Image generation pioneer sets sights on a revolution in text AI
Stefano Ermon, one of the creators of the diffusion model technology behind image generators such as Stable Diffusion and DALL-E, unveiled a new development fro
AI-processed from Bloomberg Tech; edited by Hamidun News
When a scientist whose ideas have shaped an entire industry of generative media decides to pivot to text AI, the market should pay attention. Stefano Ermon, a professor at Stanford University and one of the leading researchers in diffusion models, has unveiled a technology through his startup Inception that promises to significantly accelerate text-based AI systems—from chatbots to corporate assistants.
To understand the scope of this move, we need to recall who Ermon is and why his name carries such weight. His research into score-based generative models became one of the foundations upon which Stable Diffusion, DALL-E, and dozens of other image and video creation services were built. Diffusion models—the very technology that enables converting text descriptions into photorealistic images—owe much of their existence to Ermon's work and that of his colleagues. This is not merely an academic contribution: we're talking about technology that generates billions of dollars in revenue for companies worldwide.
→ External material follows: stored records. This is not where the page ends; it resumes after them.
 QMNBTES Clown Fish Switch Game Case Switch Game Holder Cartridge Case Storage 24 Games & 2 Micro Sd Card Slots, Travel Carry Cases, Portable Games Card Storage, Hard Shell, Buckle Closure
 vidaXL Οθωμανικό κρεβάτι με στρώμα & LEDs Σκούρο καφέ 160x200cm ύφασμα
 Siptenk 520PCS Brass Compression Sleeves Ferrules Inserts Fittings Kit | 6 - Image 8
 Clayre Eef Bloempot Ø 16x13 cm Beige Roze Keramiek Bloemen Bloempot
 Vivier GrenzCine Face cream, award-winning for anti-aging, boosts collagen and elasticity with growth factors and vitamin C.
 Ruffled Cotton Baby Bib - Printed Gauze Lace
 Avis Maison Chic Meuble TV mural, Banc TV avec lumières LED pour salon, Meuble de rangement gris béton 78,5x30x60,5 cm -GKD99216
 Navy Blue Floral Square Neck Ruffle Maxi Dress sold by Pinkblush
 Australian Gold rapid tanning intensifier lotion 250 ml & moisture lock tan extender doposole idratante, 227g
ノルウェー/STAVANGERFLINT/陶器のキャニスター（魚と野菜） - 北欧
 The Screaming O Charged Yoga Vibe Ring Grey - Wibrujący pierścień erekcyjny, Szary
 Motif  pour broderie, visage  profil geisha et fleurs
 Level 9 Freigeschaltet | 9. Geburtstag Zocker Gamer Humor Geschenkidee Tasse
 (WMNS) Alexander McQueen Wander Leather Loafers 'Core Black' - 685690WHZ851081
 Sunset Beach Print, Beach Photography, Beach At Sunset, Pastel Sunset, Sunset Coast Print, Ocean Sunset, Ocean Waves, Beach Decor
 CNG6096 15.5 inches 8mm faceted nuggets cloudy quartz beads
Now Ermon is targeting territory firmly held by OpenAI, Google, Anthropic, and Meta—natural language processing. His startup Inception, about which little was known until recently, has introduced technology capable of accelerating text generation in language models. While details remain incomplete, according to Bloomberg, the approach represents a fundamentally new take on inference architecture—the part of the model responsible for delivering answers to users in real time.
Inference speed is one of the central challenges in the large language model industry. Every time you ask a question of ChatGPT or Claude, the model generates an answer token by token, a process requiring enormous computational resources. Companies spend billions of dollars on GPU clusters to ensure acceptable response times for hundreds of millions of users. Any technology capable of reducing generation time by even tens of percent has colossal economic value. This is why dozens of startups and research labs are now focused on inference optimization—from Groq with their specialized chips to various software solutions for quantization and speculative decoding.
That Ermon brings experience from the world of diffusion models to this race may prove to be an unexpected advantage. Diffusion models work fundamentally differently than autoregressive transformers: instead of sequential token generation, they iteratively refine results from noise. Researchers have been experimenting for years with transferring diffusion principles to text generation, and some results look promising. If Inception has found a way to apply these ideas for practical acceleration of text models, it could represent a true breakthrough—not an evolutionary improvement, but a paradigm shift.
That said, skepticism is warranted. The AI startup market is flooded with ambitious claims, and far from all of them withstand reality at scale. It's one thing to demonstrate impressive results in a lab setting; quite another to deploy a technology for millions of users while maintaining answer quality. Major players like OpenAI and Google possess not only the most powerful infrastructure but also massive teams of engineers who have refined their systems over years. Competing with them on their own turf is a task of a completely different order than publishing a research paper.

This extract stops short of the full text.